INFORMATION Start Marker

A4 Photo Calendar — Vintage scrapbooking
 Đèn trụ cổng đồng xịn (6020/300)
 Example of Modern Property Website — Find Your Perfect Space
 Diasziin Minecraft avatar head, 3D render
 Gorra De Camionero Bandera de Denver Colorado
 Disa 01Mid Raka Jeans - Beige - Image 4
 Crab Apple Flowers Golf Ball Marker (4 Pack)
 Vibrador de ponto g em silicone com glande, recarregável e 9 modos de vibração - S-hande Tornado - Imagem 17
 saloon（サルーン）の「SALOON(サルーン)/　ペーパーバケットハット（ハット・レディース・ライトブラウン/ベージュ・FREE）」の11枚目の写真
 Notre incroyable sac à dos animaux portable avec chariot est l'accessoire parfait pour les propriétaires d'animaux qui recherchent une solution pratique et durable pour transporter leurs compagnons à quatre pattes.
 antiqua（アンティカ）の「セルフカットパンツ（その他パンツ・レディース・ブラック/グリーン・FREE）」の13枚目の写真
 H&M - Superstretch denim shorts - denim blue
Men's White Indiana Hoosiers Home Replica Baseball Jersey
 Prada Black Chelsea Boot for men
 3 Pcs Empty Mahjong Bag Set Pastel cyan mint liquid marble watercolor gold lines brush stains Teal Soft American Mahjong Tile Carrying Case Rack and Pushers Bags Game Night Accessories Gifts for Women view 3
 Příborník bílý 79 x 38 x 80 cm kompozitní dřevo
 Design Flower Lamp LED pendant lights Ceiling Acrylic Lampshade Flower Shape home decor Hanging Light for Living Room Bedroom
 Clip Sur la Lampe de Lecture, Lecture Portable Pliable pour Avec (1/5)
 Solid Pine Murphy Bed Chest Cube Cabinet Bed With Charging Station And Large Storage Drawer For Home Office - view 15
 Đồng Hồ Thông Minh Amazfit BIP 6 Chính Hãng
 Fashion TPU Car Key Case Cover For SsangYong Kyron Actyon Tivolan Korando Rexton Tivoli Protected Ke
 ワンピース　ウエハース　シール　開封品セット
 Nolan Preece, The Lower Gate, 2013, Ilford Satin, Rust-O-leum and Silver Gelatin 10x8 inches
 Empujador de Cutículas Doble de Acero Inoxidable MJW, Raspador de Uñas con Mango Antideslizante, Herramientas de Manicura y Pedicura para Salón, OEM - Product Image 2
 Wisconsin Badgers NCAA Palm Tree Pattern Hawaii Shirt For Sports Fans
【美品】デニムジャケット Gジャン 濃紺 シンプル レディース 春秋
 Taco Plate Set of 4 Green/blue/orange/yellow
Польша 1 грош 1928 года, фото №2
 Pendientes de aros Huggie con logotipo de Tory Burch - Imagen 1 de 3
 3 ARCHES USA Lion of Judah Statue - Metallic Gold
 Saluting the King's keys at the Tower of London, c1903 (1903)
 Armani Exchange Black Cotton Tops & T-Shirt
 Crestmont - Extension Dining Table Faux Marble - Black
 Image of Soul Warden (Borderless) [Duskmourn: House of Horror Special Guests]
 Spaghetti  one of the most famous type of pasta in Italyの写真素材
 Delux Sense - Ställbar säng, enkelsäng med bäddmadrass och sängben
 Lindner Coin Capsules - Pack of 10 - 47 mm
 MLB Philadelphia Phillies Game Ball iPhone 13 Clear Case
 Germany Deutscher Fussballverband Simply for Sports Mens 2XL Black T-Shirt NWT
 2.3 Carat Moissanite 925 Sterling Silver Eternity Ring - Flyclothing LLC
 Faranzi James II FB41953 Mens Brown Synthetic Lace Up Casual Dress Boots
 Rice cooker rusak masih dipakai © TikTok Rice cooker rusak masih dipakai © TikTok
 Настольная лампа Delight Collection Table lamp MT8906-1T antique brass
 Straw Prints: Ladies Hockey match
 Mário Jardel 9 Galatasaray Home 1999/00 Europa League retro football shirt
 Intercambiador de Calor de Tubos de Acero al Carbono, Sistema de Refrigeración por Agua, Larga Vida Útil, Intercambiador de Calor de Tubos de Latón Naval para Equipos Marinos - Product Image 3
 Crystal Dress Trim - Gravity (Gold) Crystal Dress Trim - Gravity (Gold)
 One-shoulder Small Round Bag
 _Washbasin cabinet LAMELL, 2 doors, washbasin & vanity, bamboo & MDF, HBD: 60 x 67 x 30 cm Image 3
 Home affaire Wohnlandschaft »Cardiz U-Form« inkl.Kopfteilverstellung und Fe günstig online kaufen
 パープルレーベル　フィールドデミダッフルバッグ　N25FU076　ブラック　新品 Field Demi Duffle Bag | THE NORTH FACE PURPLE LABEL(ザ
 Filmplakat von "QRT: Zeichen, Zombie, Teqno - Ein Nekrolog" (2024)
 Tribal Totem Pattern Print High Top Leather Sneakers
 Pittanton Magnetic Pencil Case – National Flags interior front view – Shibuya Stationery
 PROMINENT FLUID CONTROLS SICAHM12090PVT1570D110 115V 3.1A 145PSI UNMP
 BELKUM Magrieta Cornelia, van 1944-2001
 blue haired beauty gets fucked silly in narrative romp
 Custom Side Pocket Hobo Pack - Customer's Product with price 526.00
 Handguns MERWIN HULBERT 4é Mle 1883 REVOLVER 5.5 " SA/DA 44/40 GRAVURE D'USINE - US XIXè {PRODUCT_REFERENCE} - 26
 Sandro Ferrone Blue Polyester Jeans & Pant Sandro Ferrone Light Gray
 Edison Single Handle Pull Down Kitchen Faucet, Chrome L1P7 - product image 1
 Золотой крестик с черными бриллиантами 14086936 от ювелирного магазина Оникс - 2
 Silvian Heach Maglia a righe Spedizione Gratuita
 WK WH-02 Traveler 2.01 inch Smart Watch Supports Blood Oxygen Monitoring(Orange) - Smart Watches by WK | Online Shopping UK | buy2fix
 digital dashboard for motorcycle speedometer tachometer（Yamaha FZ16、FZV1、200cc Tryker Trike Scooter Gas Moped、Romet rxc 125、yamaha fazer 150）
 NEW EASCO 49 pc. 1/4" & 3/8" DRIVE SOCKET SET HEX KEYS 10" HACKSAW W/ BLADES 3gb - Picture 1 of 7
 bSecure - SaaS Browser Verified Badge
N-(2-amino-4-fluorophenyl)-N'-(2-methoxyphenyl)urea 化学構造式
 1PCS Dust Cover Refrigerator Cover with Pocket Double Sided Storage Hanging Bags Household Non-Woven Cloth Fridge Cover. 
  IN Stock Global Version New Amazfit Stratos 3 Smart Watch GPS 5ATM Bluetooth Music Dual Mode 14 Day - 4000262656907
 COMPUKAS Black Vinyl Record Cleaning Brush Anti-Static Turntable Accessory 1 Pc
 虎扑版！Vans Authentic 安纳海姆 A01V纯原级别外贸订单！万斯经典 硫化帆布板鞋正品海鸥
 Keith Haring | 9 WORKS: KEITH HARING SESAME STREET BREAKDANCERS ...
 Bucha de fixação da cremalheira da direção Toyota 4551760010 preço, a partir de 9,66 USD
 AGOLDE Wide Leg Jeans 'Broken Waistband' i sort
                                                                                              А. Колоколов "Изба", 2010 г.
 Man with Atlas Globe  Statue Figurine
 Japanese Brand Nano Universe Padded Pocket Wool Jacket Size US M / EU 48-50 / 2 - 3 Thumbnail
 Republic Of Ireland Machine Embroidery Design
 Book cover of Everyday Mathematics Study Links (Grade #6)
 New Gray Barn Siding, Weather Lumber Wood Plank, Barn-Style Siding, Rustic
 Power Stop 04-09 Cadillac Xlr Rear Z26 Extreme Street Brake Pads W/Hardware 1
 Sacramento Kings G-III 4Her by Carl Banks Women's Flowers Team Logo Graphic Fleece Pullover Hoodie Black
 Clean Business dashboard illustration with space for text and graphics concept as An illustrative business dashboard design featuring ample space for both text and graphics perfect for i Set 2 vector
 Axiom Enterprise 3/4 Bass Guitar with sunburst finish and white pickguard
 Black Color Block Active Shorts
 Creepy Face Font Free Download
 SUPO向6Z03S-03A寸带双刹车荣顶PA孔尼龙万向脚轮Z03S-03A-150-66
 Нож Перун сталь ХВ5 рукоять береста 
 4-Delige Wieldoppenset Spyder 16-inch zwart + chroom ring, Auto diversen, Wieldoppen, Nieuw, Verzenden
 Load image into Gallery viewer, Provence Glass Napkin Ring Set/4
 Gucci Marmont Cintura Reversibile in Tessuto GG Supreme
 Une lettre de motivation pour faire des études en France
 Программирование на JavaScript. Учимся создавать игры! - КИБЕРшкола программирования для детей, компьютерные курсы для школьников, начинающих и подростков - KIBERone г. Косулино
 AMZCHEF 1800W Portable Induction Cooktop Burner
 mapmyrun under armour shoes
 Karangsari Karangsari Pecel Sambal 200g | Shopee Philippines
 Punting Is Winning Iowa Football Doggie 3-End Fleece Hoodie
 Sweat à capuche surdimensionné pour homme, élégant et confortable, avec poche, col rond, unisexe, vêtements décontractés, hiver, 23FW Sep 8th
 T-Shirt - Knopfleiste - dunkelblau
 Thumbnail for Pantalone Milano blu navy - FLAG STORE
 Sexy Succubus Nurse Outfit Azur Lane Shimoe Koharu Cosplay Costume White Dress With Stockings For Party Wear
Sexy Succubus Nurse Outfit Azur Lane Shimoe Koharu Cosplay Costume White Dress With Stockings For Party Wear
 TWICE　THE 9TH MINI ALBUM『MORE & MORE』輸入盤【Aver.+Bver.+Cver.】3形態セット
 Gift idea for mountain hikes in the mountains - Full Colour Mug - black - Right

INFORMATION End Marker

▶ **EXERCISE DETAILS**:
Copy the lines of the data above exactly as written, beginning with the line containing "N-(2-amino-4-f" and ending with the line containing "1PCS Dust Cover", and leave out all other lines.

▶ **SOLVED PROBLEM**:
N-(2-amino-4-fluorophenyl)-N'-(2-methoxyphenyl)urea 化学構造式
 1PCS Dust Cover Refrigerator Cover with Pocket Double Sided Storage Hanging Bags Household Non-Woven Cloth Fridge Cover. 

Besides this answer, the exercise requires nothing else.